If an external sinus tract is present, the bone at base of the tract (at ventral mandible or dorso-rostral maxilla) can be gently curetted and will usually spontaneously heal within the following few days. If extensive bony chances are present deep in the sinus tract, it may be advisable to seal off the oral aspect of the alveolus with a dental wax, silicone, or acrylic (methyl methylacrylate) plug and to irrigate the sinus tract with dilute iodine for 2 - 3 days.
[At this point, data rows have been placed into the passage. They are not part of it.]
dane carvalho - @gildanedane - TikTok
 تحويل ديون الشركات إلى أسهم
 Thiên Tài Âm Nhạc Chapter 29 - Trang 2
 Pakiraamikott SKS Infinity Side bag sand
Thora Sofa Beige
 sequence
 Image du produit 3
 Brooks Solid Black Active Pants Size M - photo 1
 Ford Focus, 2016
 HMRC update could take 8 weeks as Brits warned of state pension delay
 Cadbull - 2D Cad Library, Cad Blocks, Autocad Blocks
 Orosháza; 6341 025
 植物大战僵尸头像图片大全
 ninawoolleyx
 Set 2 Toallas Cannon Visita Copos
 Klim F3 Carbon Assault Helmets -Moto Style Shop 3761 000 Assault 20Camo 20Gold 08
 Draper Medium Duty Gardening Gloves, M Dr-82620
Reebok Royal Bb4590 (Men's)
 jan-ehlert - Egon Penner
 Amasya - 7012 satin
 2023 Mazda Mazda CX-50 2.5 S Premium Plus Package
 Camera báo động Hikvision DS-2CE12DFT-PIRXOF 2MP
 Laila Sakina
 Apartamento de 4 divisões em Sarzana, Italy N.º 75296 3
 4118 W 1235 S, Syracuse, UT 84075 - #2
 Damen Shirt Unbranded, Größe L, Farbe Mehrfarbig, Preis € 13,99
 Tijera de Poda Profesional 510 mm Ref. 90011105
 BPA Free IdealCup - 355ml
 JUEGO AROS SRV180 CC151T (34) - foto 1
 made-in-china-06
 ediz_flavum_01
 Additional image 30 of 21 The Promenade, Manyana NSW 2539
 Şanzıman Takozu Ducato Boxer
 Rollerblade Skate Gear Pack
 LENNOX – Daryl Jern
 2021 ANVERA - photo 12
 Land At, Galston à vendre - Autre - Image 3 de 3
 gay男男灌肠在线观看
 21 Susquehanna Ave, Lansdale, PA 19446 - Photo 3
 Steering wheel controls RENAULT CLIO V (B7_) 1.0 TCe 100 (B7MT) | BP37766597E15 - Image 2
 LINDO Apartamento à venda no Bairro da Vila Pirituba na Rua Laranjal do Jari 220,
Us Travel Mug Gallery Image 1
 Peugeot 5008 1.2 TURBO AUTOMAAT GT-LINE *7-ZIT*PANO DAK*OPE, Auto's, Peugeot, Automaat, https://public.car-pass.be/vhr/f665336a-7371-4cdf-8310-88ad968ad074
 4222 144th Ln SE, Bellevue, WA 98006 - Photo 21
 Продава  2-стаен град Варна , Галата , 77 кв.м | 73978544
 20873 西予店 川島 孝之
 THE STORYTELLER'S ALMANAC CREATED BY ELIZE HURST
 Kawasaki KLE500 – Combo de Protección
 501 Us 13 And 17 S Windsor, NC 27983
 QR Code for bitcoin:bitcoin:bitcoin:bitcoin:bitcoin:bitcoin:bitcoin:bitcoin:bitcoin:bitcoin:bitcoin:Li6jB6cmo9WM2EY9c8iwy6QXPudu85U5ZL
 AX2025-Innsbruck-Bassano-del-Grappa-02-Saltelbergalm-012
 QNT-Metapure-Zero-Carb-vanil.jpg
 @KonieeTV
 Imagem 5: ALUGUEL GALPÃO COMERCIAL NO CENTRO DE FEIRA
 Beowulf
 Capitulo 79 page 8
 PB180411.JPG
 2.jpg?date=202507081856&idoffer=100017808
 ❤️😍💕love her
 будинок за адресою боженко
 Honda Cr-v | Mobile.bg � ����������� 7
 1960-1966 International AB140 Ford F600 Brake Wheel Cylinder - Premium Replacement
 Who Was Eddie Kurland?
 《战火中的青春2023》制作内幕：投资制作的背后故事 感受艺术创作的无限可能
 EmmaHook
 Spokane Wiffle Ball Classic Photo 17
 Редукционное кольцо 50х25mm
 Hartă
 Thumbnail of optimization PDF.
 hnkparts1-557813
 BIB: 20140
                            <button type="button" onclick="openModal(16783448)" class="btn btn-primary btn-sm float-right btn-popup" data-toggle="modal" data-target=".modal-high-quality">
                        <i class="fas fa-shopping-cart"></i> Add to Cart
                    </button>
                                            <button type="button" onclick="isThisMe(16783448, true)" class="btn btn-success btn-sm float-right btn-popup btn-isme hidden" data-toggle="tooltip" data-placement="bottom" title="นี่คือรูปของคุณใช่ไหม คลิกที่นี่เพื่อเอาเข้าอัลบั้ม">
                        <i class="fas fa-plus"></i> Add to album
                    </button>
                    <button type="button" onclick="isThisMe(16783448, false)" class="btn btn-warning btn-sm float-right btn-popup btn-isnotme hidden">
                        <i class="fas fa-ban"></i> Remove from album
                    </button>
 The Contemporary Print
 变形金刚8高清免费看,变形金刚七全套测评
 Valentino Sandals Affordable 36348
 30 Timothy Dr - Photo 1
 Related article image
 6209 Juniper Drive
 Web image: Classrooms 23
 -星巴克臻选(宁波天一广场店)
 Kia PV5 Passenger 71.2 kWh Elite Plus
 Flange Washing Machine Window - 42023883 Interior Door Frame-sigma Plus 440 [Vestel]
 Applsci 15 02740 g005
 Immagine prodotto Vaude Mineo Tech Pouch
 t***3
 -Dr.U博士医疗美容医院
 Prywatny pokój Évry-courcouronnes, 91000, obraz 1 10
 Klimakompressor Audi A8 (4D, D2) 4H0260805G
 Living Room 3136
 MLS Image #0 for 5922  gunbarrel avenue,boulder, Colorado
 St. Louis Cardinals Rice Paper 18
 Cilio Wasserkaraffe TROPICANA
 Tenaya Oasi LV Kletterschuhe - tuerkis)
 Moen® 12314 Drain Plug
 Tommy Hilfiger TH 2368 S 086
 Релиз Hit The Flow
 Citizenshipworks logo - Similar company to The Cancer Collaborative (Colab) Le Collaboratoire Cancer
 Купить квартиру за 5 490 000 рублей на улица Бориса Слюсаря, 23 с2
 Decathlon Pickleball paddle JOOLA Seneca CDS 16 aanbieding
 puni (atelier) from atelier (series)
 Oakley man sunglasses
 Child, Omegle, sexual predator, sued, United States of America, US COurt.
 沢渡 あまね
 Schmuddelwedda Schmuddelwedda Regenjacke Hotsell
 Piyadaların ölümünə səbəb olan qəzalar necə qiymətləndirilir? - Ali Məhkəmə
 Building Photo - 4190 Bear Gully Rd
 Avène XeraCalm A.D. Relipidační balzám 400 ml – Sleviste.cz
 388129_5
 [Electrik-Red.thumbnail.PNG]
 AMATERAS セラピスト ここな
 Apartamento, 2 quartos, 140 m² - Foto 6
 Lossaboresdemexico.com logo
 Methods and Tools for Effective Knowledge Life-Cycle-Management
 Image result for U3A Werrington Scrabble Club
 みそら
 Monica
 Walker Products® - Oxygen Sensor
Oral extraction can also be performed of infected 3rd - 6th maxillary cheek teeth (08 - 11), which invariably have a secondary dental sinusitis. Following extraction of such a tooth, the base of the alveolus should be digitally checked to ensure that no major openings (oro-maxillary fistula) are present between the alveolus and the overlying rostral or caudal maxillary sinus. If the alveolus appears to be intact at its apex, it can be simply packed with an impregnated swab as previously described. If a large alveolar defect is suspected, the oral aspect of the alveolus should be sealed with an acrylic plug, allowing postoperative drainage to occur into the overlying sinuses. In all cases of maxillary sinus empyema caused by dental infections (or indeed from any other cause), the sinus should be trephined (preferably through a small opening into the adjacent ipsilateral frontal sinus) and irrigated (e.g., twice daily with 5 litres of lukewarm dilute iodine solution for about seven days or until the irrigating fluid is clear and nonodorous).
Following extraction by the oral technique, postoperative complications are rare in the hands of experienced surgeons. Occasionally, delayed sequestration of a thin layer of alveolar bone will occur some weeks later and this will delay alveolar healing. Such sequestrae can be orally extracted and the alveolus will then quickly heal.
This paper is to reinforce the ideas on corrective dental procedures presented by the panel members and to serve as a reference source for members wanting information on equine dentistry.
Footnotes
- Sedivet; Boehringer Ingleheim, Bracknell, Berks, UK.
- Dormosedan; Pfizer, New York, NY 10017.
- Torbugesic; Fort Dodge Animal Health, Fort Dodge, IA 50501.